Create a table that uses hybrid row-column storage

Specify "STORE_TYPE" = "column_with_row" in the PROPERTIES at table creation.

note
  • The table must be a Primary Key table.
  • The length of the __row column cannot exceed 1 MB.
  • Columns cannot be of data types like ARRAY, MAP, and STRUCT.
CREATE TABLE users (
id bigint not null,
country string,
city string,
revenue bigint
)
PRIMARY KEY (id)
DISTRIBUTED by HASH (id)
PROPERTIES ("store_type" = "column_with_row");

Insert, delete, and update data

Similar to a table that uses columnar storage, you can insert, delete, and update data on a table that uses hybrid row-column storage by data loading and DML statements. This section demonstrates how to run DML statements on the above table with hybrid row-column storage.

  1. Insert a data row.

    1. INSERT INTO users (id, country, city, revenue)
      VALUES
      (1, 'USA', 'New York', 5000),
      (2, 'UK', 'London', 4500),
      (3, 'France', 'Paris', 6000),
      (4, 'Germany', 'Berlin', 4000),
      (5, 'Japan', 'Tokyo', 7000),
      (6, 'Australia', 'Sydney', 7500);
  2. Delete a data row.

    DELETE FROM users WHERE id = 6;
  3. Update a data row.

    UPDATE users SET revenue = 6500 WHERE id = 4;

Query data

This section uses a point query as an example.
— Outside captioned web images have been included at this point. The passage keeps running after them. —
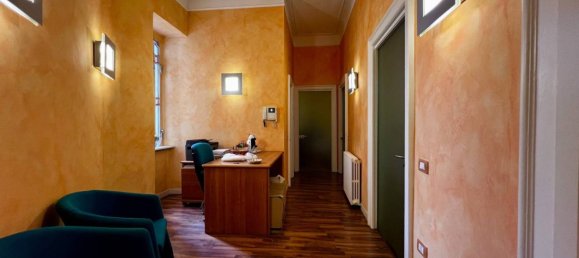 3 rooms Office in Lecco, Italy No. 323266 10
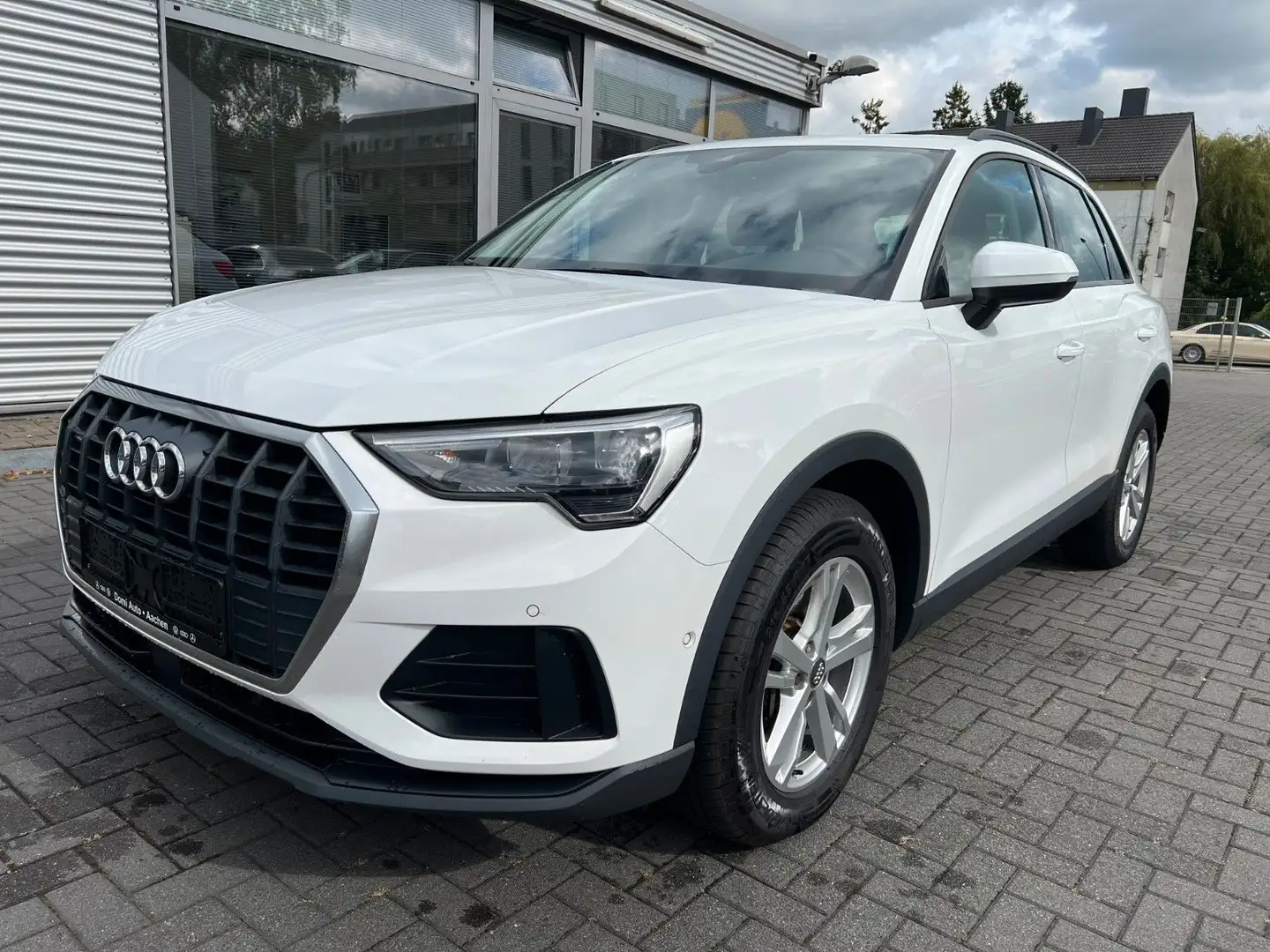 Audi Q3 40 TDI quattro basis/Panorama/Totwinkel Weiß - 1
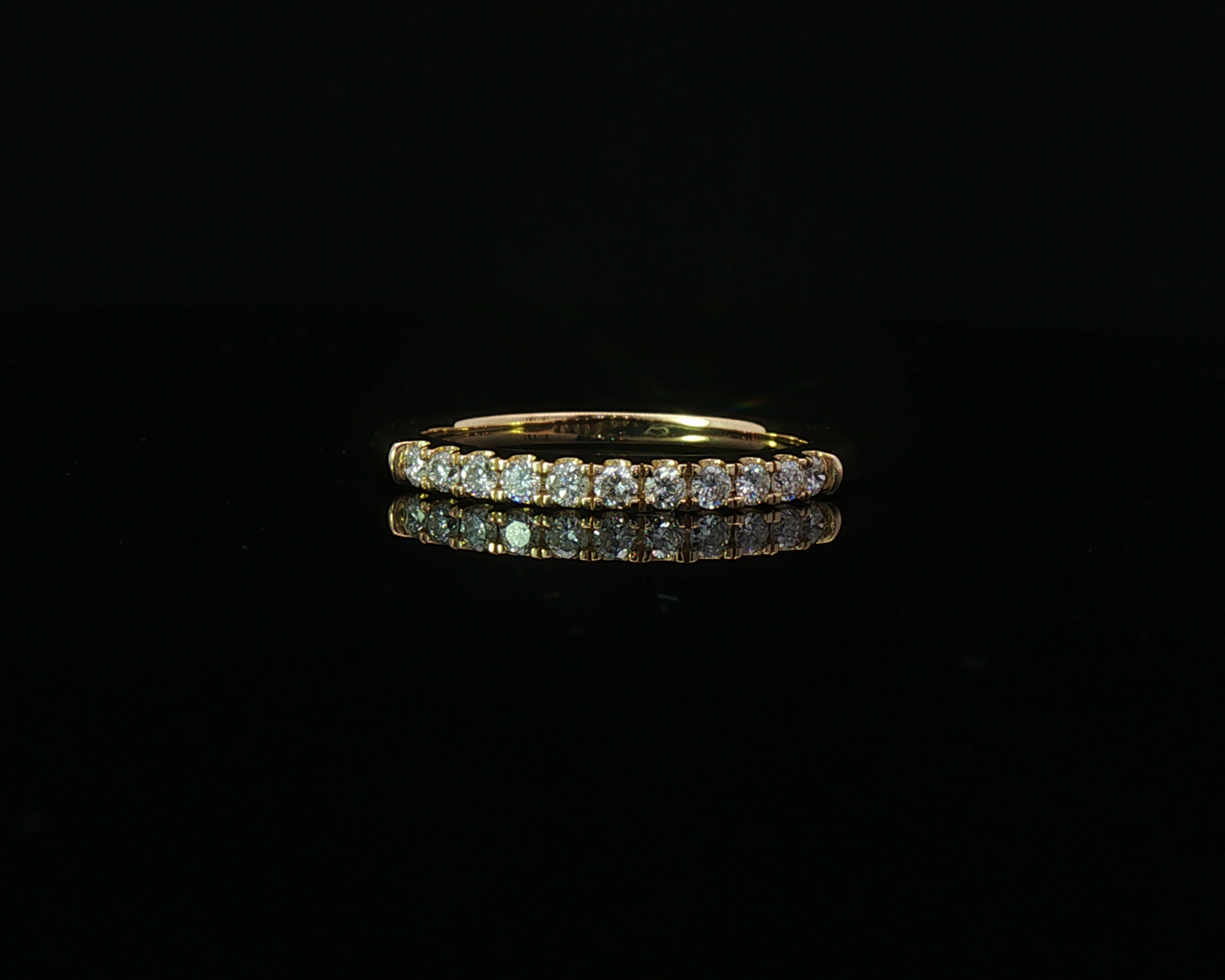 Single row diamond band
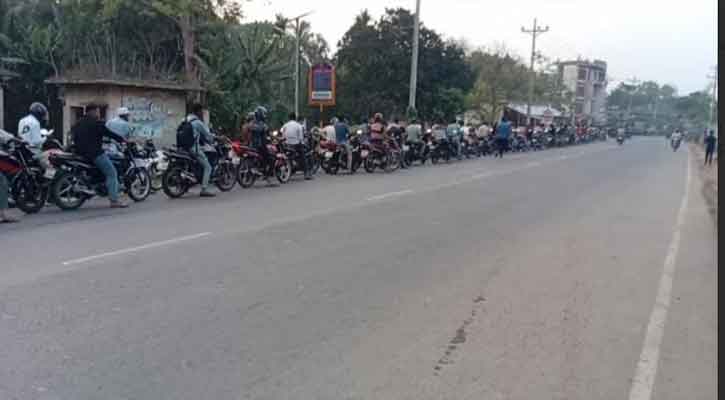 মণিরামপুর জ্বালানি তেল সংকট,পাম্পে বাইকারদের নীরব যুদ্ধ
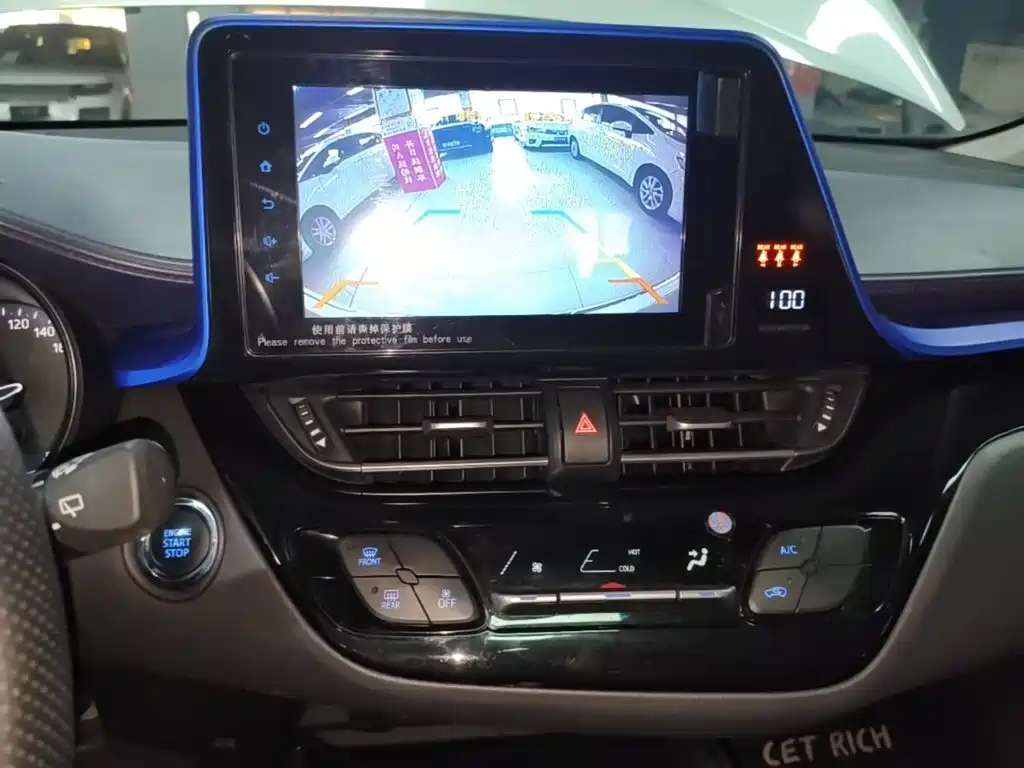 Toyota C-HR 2021 — фото 13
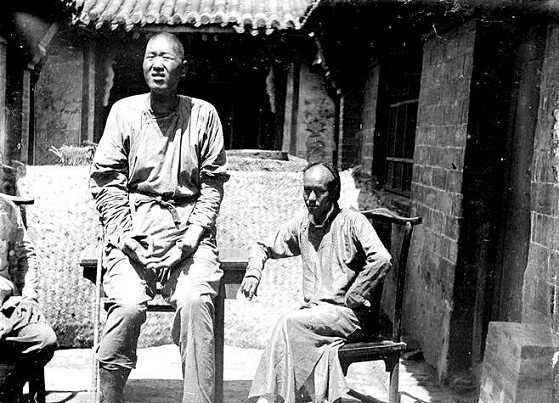 当年清朝身高3.19米的第一巨人,娶了英国妻子,如今子女怎样了?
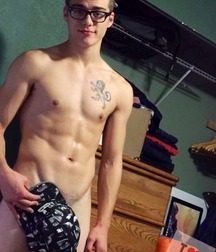 naked_soft 5de391a54db68.jpg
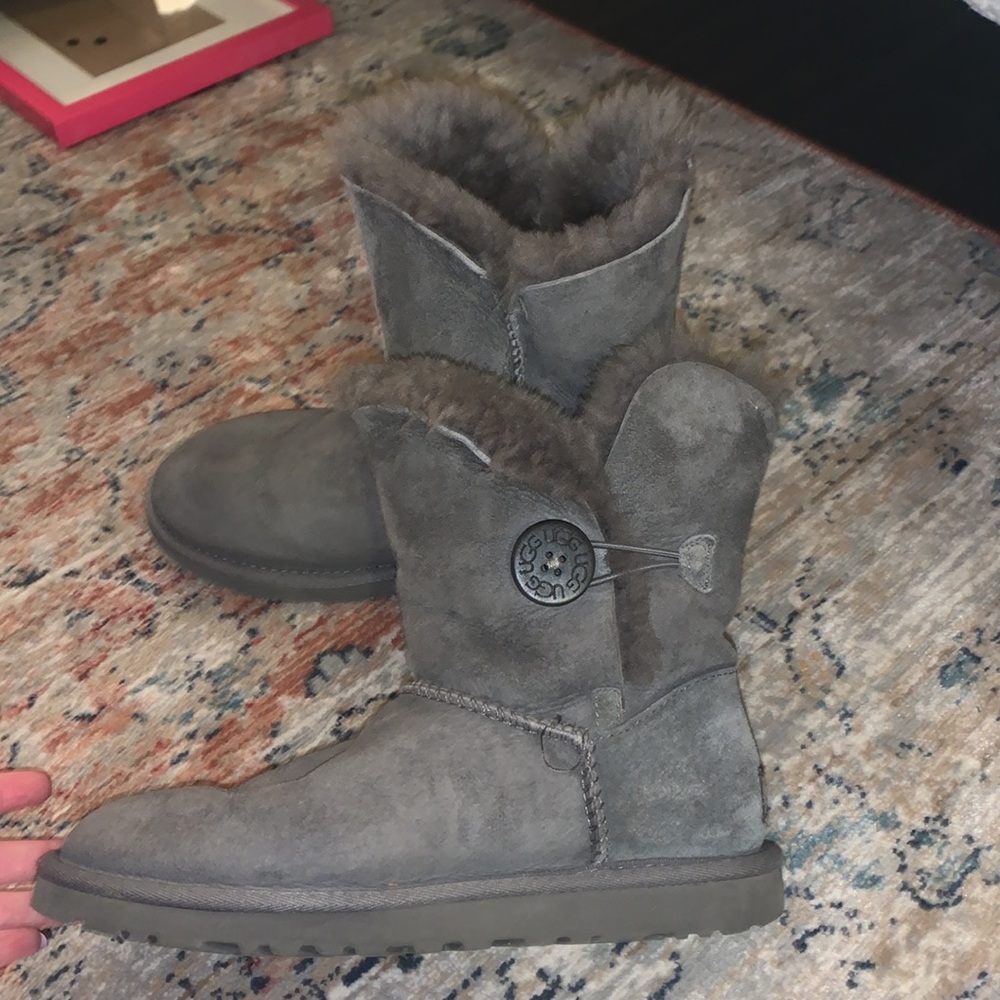 Gray Ugg Boots - image 4
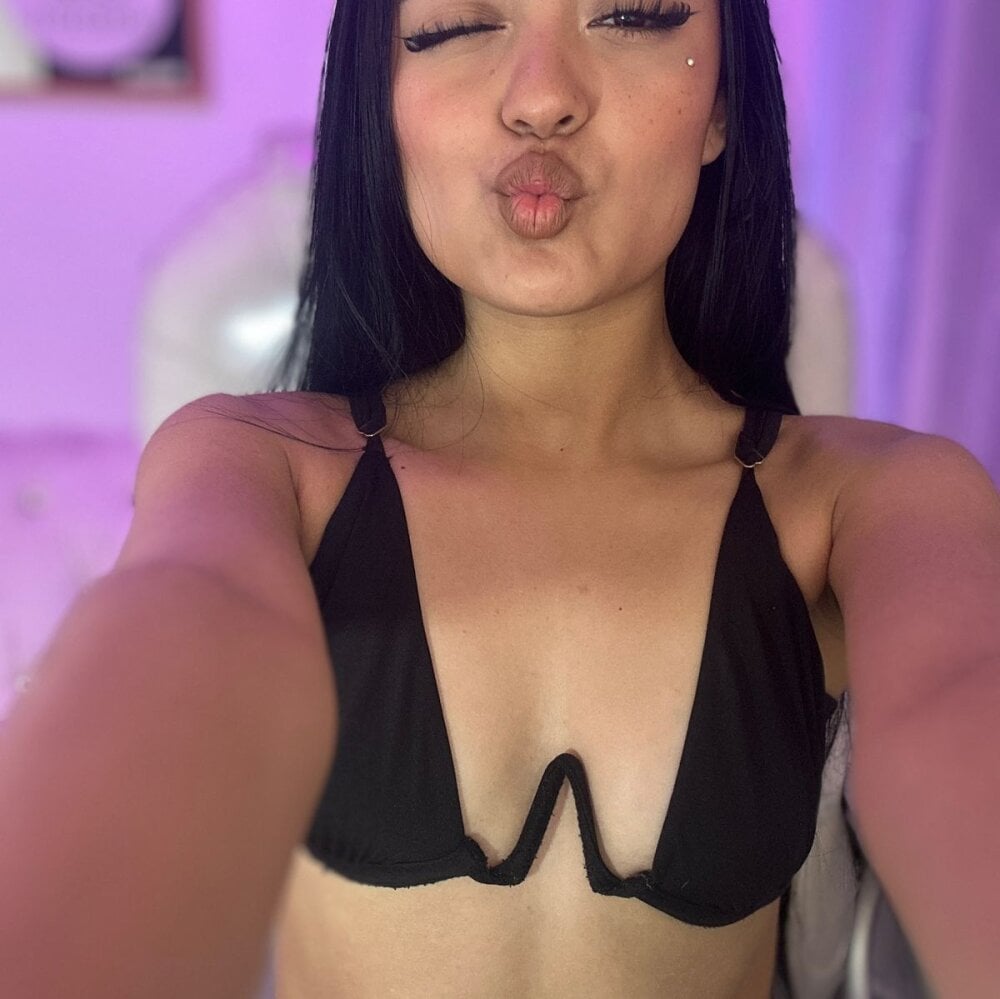 Vicky_Thompons_ profile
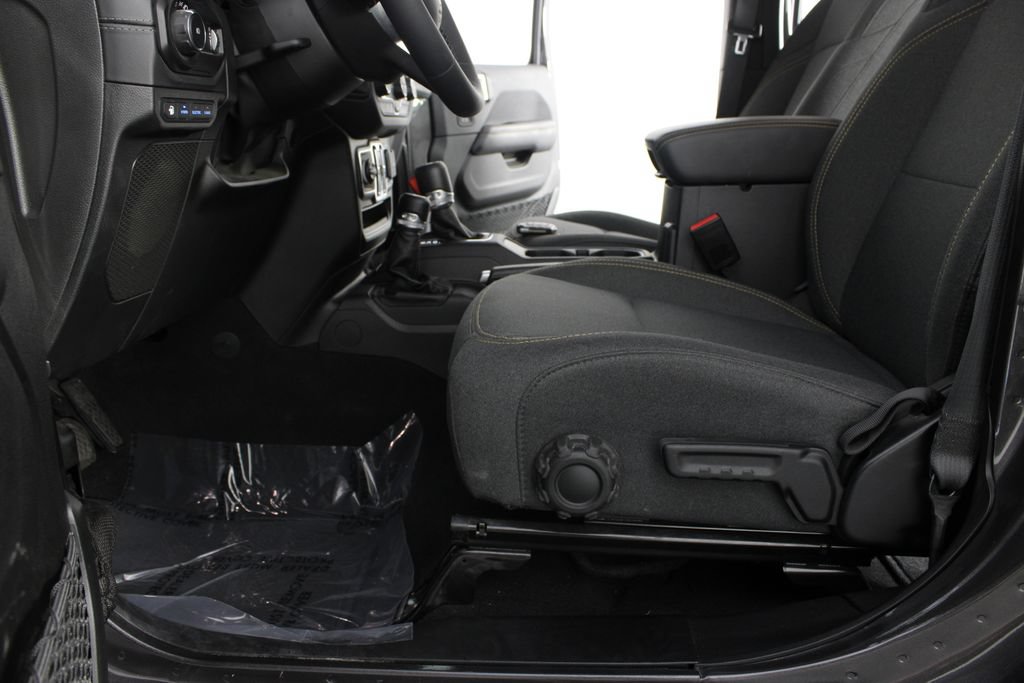 Used 2025 Jeep Wrangler Unlimited Sahara AWD/4WD image 14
Point queries take a short circuit, directly querying data in row storage, which can improve query performance.

The following example still uses the above table with hybrid row-column storage. After the table creation and data modification operations mentioned above, the table stores the data as follows:

MySQL [example_db]> SELECT * FROM users ORDER BY id;
+------+---------+----------+---------+
| id | country | city | revenue |
+------+---------+----------+---------+
| 1 | USA | New York | 5000 |
| 2 | UK | London | 4500 |
| 3 | France | Paris | 6000 |
| 4 | Germany | Berlin | 6500 |
| 5 | Japan | Tokyo | 7000 |
+------+---------+----------+---------+
5 rows in set (0.03 sec)
  1. Make sure that the system enables short circuiting for queries. Once short circuiting for queries is enabled, queries that meet certain criteria (to evaluate whether the query is a point query) take a short circuit to scan data in row-oriented storage.

    SHOW VARIABLES LIKE '%enable_short_circuit%';

    If the short circuiting for queries is not enabled, run the SET enable_short_circuit = true; command to set the variable enable_short_circuit to true.

  2. Query data. If the query meets the criteria that conditional columns in the WHERE clause include all primary key columns, and the operators in the WHERE clause are = or IN, the query takes the shortcut.

    note

    The conditional columns in the WHERE clause can include additional columns beyond all primary key columns.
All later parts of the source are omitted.